Major Drunk Scene: Barry Fitzgerald shows up at Maureen O'Hara's cottage wearing his official matchmaker's garb--and one hell of a hangover--and inquires if Mo would be interested in marrying "Thorn Shornton?"
Message: Yes, the Irish drink. No, it's not all they do; but if a few ales make you brave enough to go after Maureen O'Hara, why the hell not?
Leaving Las Vegas (1995)
Who's Soused: Nicolas Cage
Nick has a problem, his left leg is hollow, so he spends the length of the film trying to fill it with liquor. In the meantime, he manages to strike a bargain with hot-whitebread-hooker Elizabeth Shue, whereby Nick allows Liz to support, love and care for him in exchange for her never asking him to stop drinking. Hmmm... Anyone else want that deal? Liz seems to get the short end of the stick in many ways as poor Nick can't even get his cork-screw to work anymore. Every small moment of joy in the film is quickly shattered like a poolside, glass, hotel table. But it's smiles all around at the Coppola enclave as Nick stumbles, fights and self-destructs his way to an Oscar.

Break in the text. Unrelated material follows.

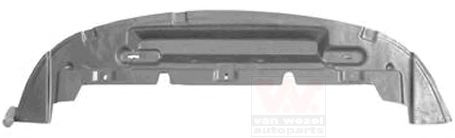 Защита двигателя FORD 1134840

Major Drunk Scene: Nick gets a good hand at the blackjack table, then gets a bad hand at the blackjack table, then overturns the blackjack table. Can you believe they refused to serve him any more booze?
Message: All your dreams come true in Las Vegas.
Dazed and Confused (1993)
Who's Soused: The entire graduating class of Texas' Lee High School, 1976
Neophyte Wiley Wiggans learns the rites-of-passage ropes from football jocks with hearts of gold, as he goes on a beer-soaked odyssey. His magical milestone moments include purchasing his first six pack, hanging and drinking at the cool hangout The Emporium, drinking his body weight in keg-pumped gold, and spending the early morning with a dreamy Gremlin-driving sophomore. It's hard not to envy Wiley as he goes from red-assed pipsqueak to shit-faced conqueror. Ironically all the film's future superstars, like Ben Affleck and Renee Zellweger, the people who will make the most money and live the most fulfilled lives, are cast in the lesser roles. It's high school all right.

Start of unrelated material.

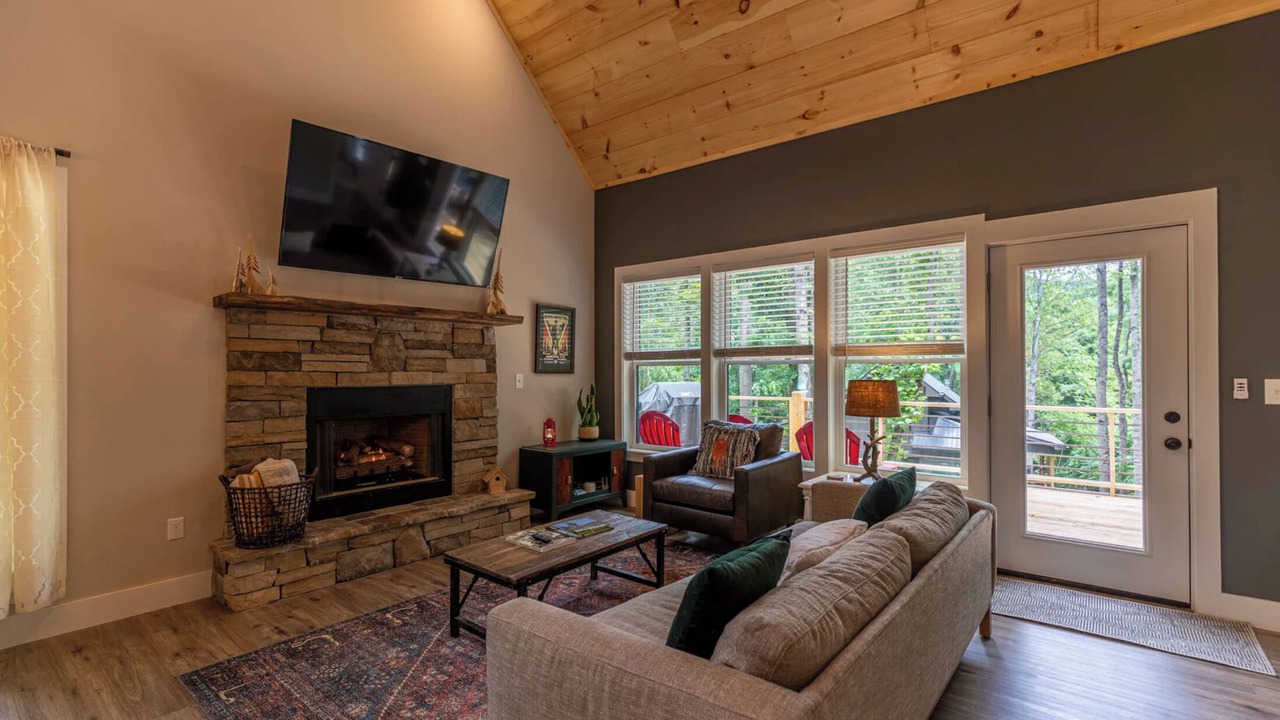 Photo of Livingroom in Frank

Major Drunk Scene: The beer bust at the moon tower. Everyone from freshman to senior to wannabe super senior, Matthew McConaughey, are draining the kegs at this bicentennial blowout. Parker Posey does the best female belligerent drunk ever. "AIR RAID!"
Message: The clothes were uglier, the music was better, and the drinking age was 18... Um, yeah, the '70s rocked.
Arthur (1982)
Who's Soused: Dudley Moore
Perhaps the friendliest movie drunk in history, Arthur has an answer for everyone. When Arthur's fiancée claims that a real woman could stop him from drinking, he replies, "She'd have to be a real big woman!" Dudley's follow-up to 10 was big box office, and with good reason. What drunk wouldn't love to have a classy, John-Gielgud type picking up after him? When you're caught between the moon and New York City, the best that you can do is drink a fifth of scotch, and cackle like a madman. Oh, and fall in love.
Major Drunk Scene: Tough choice, but we'll have to go with Dud's breaking of his engagement at the church five minutes before his wedding. A tipsy groomsman, a woman in tears, a black eye, an overturned table of catered food: this scene has the drinking seal of approval.
Message: Everyone looks like a "10" when you're blitzed, even Liza Minelli.